Glastonbury comes to KT6...
- hopkinsonfrank
- Jul 10, 2016
- 3 min read
...but without the mud. It was our daughter’s 18th birthday and the lawn experienced the closest thing to Glastonbury it’s ever going to be subjected to. Loud music, seventy teenagers jumping up and down on it and the odd can of cider. Mercifully it came through the experience a lot better than Worthy Farm.

Our daughter’s birthday spree was planned some time in advance and because we had the space and her birthday was July, it seemed the obvious choice to have a party in the garden. A quick look on e.Bay reassured us that a large gazebo could be had for £65*. This would be much cheaper than hiring a venue.
With our own sound system and disco lights (the vestige of a 2010 staff party) we already had everything we needed for a disco explosion. Except a dance floor. Could they dance on the lawn? With a ridiculously high moss content our lawn certainly has a lot of spring in it. And as fans of the band Half Man Half Biscuit know: “the greatest surface under foot is springy turf”.
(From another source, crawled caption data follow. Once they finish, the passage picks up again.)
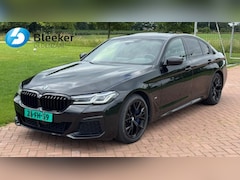 BMW 5-serie - 545e 394Pk X Drive M-Sport Plug in Hybrid HUD Laser Luchtvering Soft close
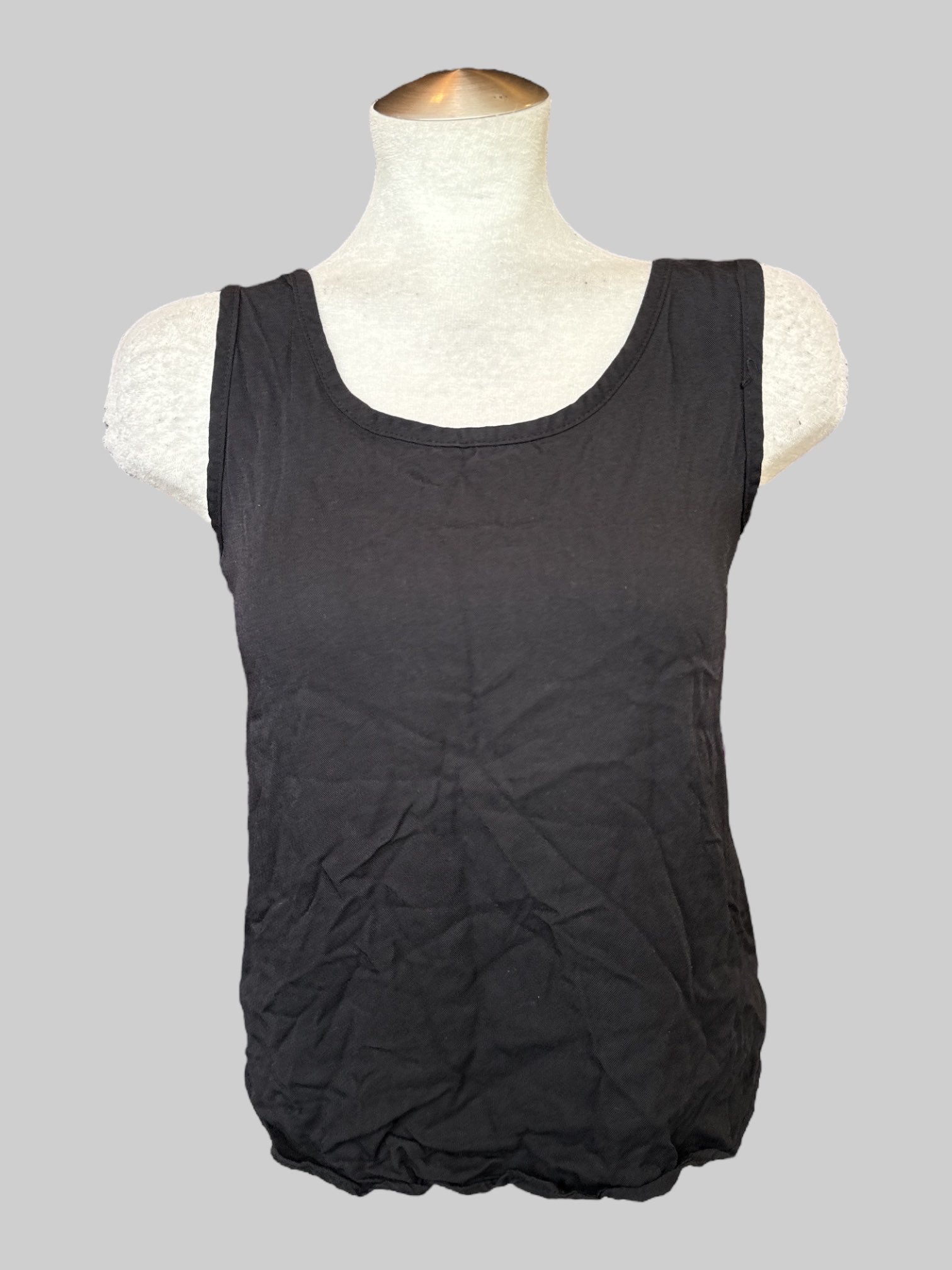 XS Black vintage flowy tank top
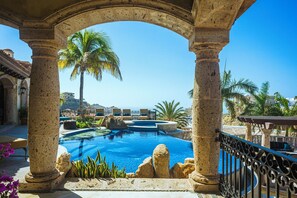 室外游泳池，恒温泳池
If we put on a whole load of grunge music they could try ‘mossing’ as well as ‘moshing’.
A drone photograph taken from above Langley Avenue would immediately show the difference in lawn quality up and down the road. On either side we have professionally-tended lawns, and the one to our left looks like it comes straight off the front of a lawn fertilizer advert. They spent a ton of money getting their garden redesigned and it looks spectacular.
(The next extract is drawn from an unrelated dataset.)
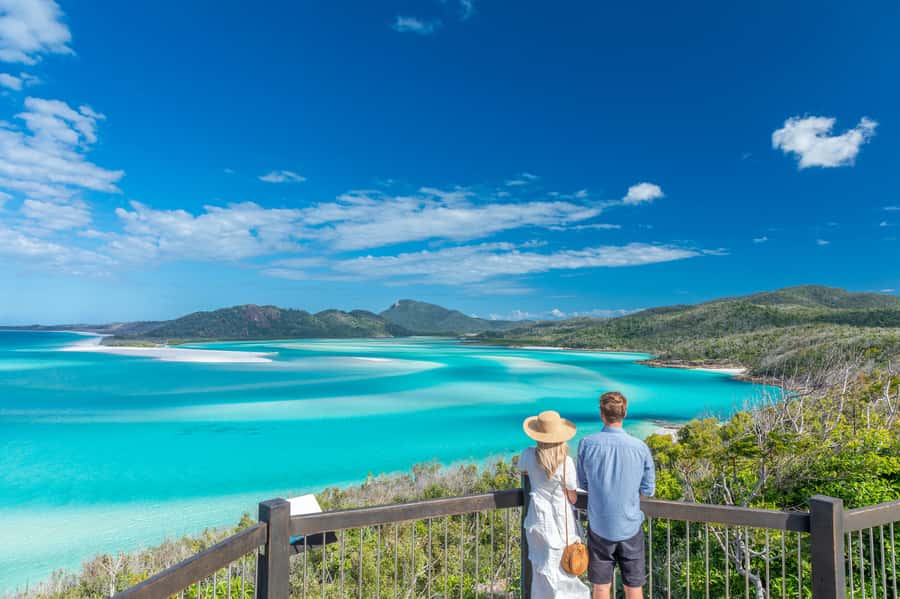 Airlie Beach: Adults-Only Whitehaven Beach Sailing Tour - Lunch onboard, then an optional reef stop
Ours, on the other hand, has a 17-foot trampoline dragged across it once a month, suffers the installation of the wife’s heatwave deterrent every summer (a large inflatable swimming pool – once filled, watch those temperatures plunge) and played host to our dissembled log cabin for six months. Added to that it’s cut by an asthmatic lawnmower that cannot manage one complete stripe of the lawn without needing its box emptied.
So you have to say letting loose a bunch of teenagers on it wasn’t going to ruin its chances of getting into the National Gardens Scheme.
I’m happy to report that a lack of a dance floor didn’t ruin the fun. The only element that was likely to cause an upset was the imminent departure of the gazebo that was about as flimsy as a supermarket bag and showed signs of wanting to turn itself into a box kite. The merest hint of wind sent it billowing and straining at the inadequate guy ropes. In gusts the following day it did take off.
In Surbiton we are not that far away from the Heathrow flightpath and it would have been the ultimate embarrassment to have planes diverted because of my daughter’s airborne 18th birthday gazebo. As it was, we got off with no serious incident at all, it was a wonderful occasion.
The grass now resembles a Wimbledon tennis court baseline in Week 2, but I have every confidence that it will recover as we’ve thrown much worse at it. Who knows? Sixty teenagers jumping up and down to The Killers’ ‘Mr Brightside’ might have got rid of the moss for good. In which case we might have to schedule a ‘going-off-to-University party’ pretty soon.
*NEVER buy one of these if you are expecting a wind speed of 10mph or more.